Todd is admittedly not someone capable of pretending to be fulfilled by something that isn’t engaging him. “I’m the type of guy where I wear my emotions on my sleeve. If I’m not liking something, I can’t mask it … I don’t feel good about it.” Today, Todd is closer to the eye of the tornado than he has ever been. Even with a variety of new projects, including custom furniture for Jilly’s Ice Cream Bar and 16 new tables for residential clients, the early hardships stay with him. “It was about hanging on … not to sound grim, but I think most people realize that life can be really hard,” says Todd, who has certainly experienced his share.
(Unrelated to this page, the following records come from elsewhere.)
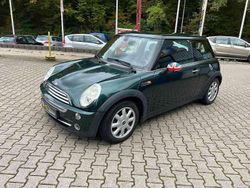 British racing green Gebraucht 2004 Mini ONE Kleinwagen | 5.999 € (Fairer Preis)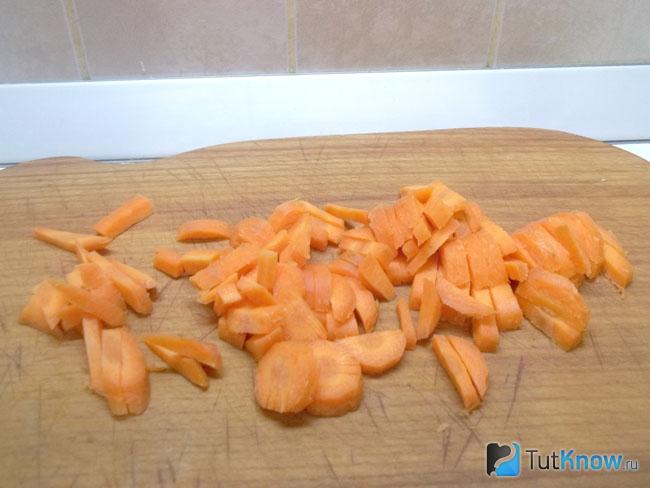 Морковь нарезаны соломкой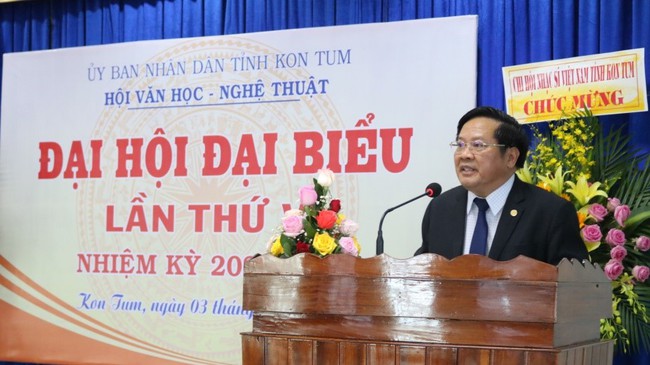 Đại hội đại biểu Hội Văn học - Nghệ thuật tỉnh Kon Tum lần thứ VI - Ảnh 2.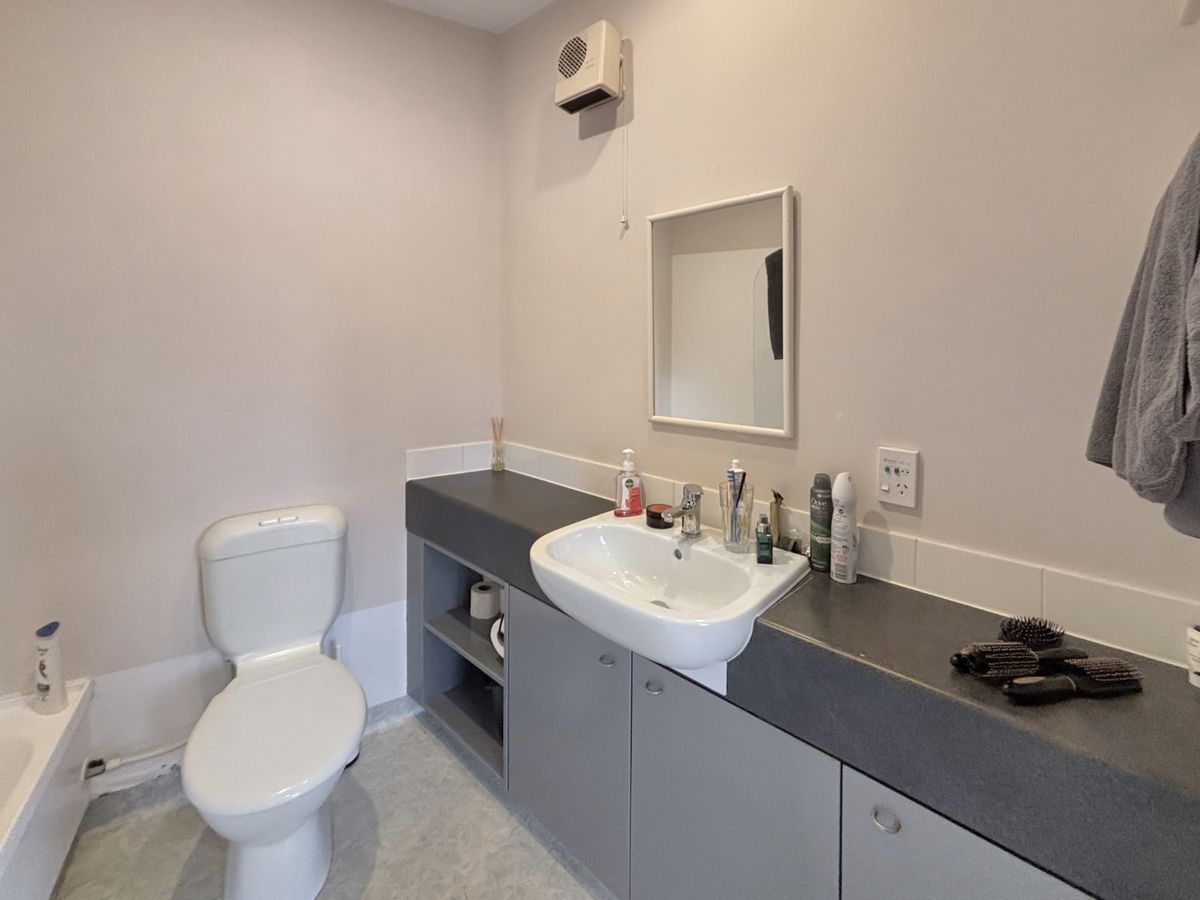 CENTRAL 2-BEDROOM APARTMENT! - Ansicht 6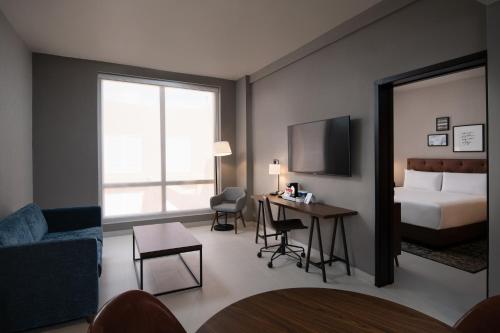 Cette chambre comprend un lit et un bureau. dans l'établissement Four Points by Sheraton , à Punta Cana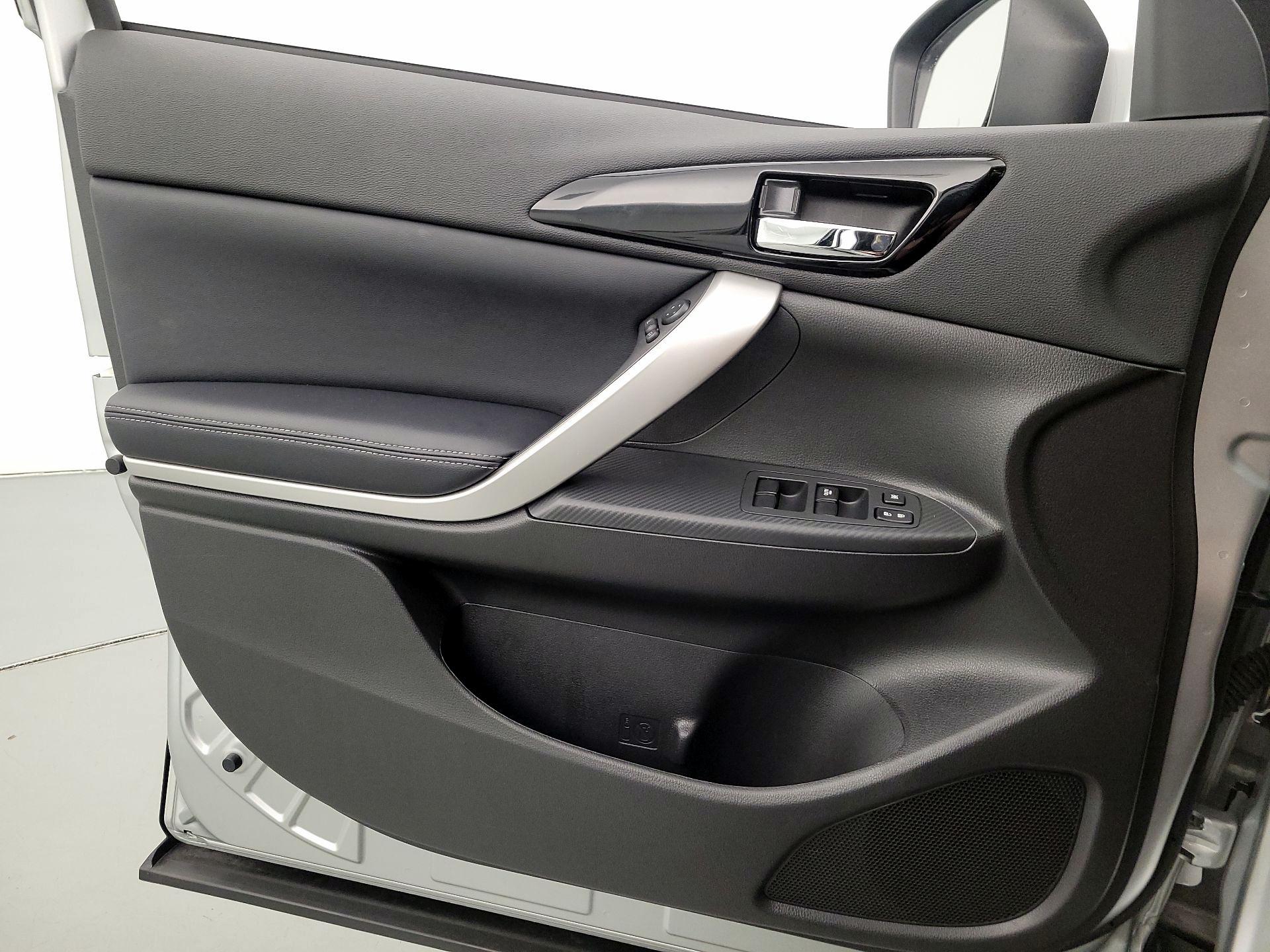 Thumbnail: 2025 Mitsubishi Eclipse Cross - 12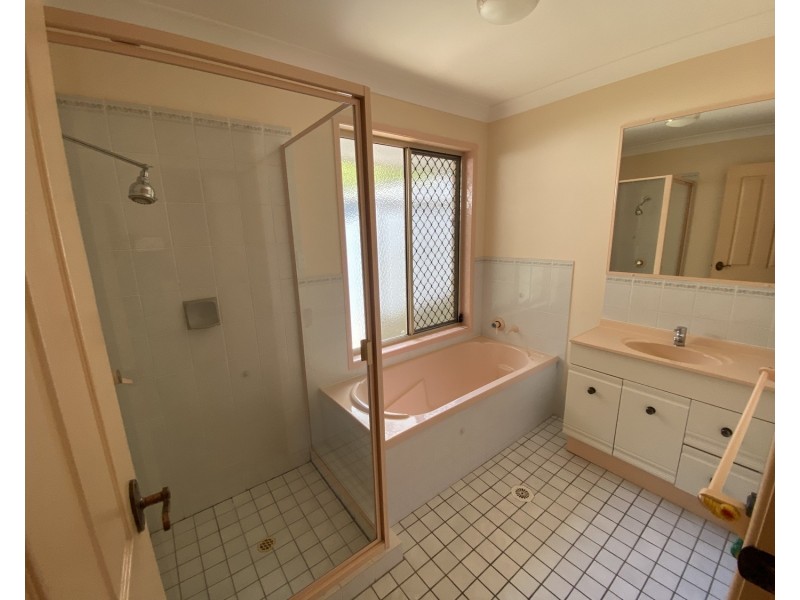 8  Rebbechi Court, Parkwood QLD 4214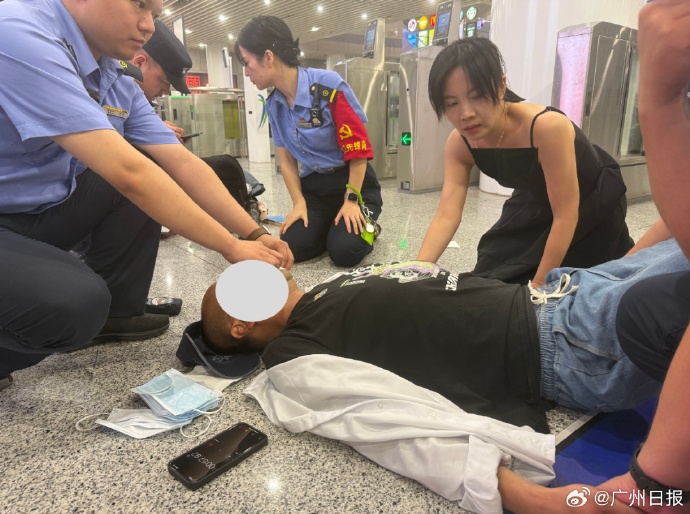 高铁站有旅客瘫倒在地，广东女护士咬掉穿戴甲，300秒极限救人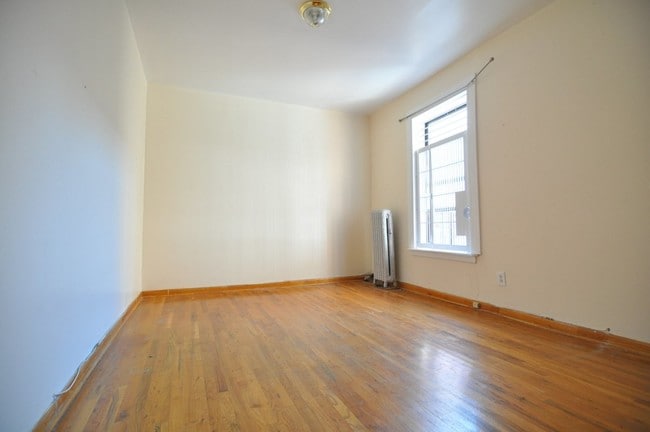 Building Photo - 60 W 129th St
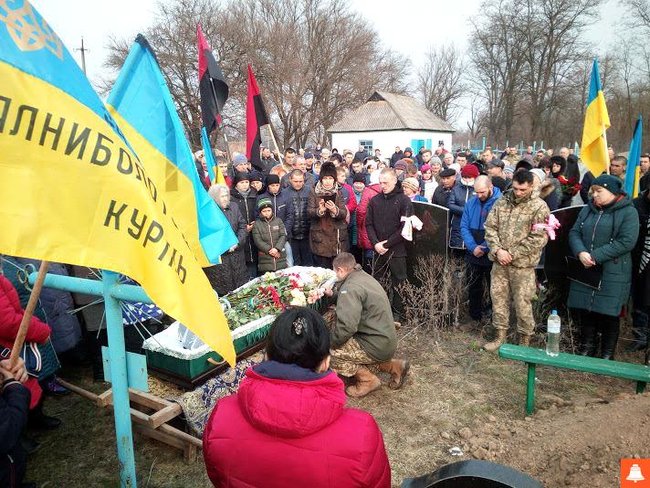 Загиблого на Донбасі воїна Сергія Данілейченка провели в останню путь у Черкаській області 06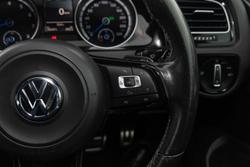 2016 Volkswagen
Golf R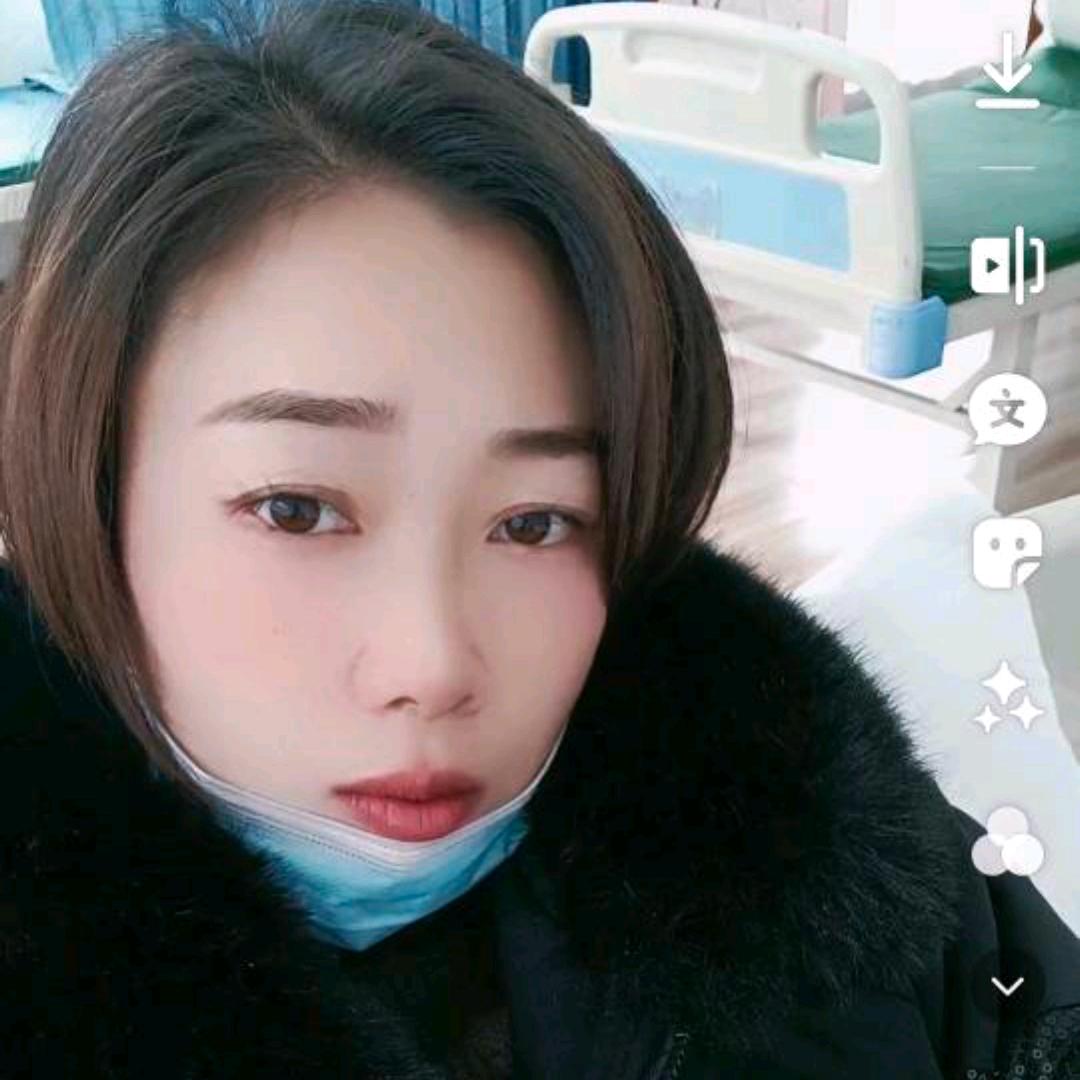 杨杨^O^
“You think, ‘Why did I bring this child into this world? Because you want only the best for them, but you know they’re going to experience some things in life. Somebody’s going to break their heart. They’re going to have letdowns.” But Todd isn’t cynical; quite the opposite. He believes in taking chances, like others did on him. Before retreating back into a cloud of sawdust and sweat, Todd excitedly discusses his plans to have a formal wedding next year for his upcoming anniversary, as they didn’t have enough money for one when they got married ten years ago in a Toronto court house. But before then, you’ll find Todd and his assistants busily laboring over large planks of wood that will become cabinets, chairs, tables, and anything else a client can dream up.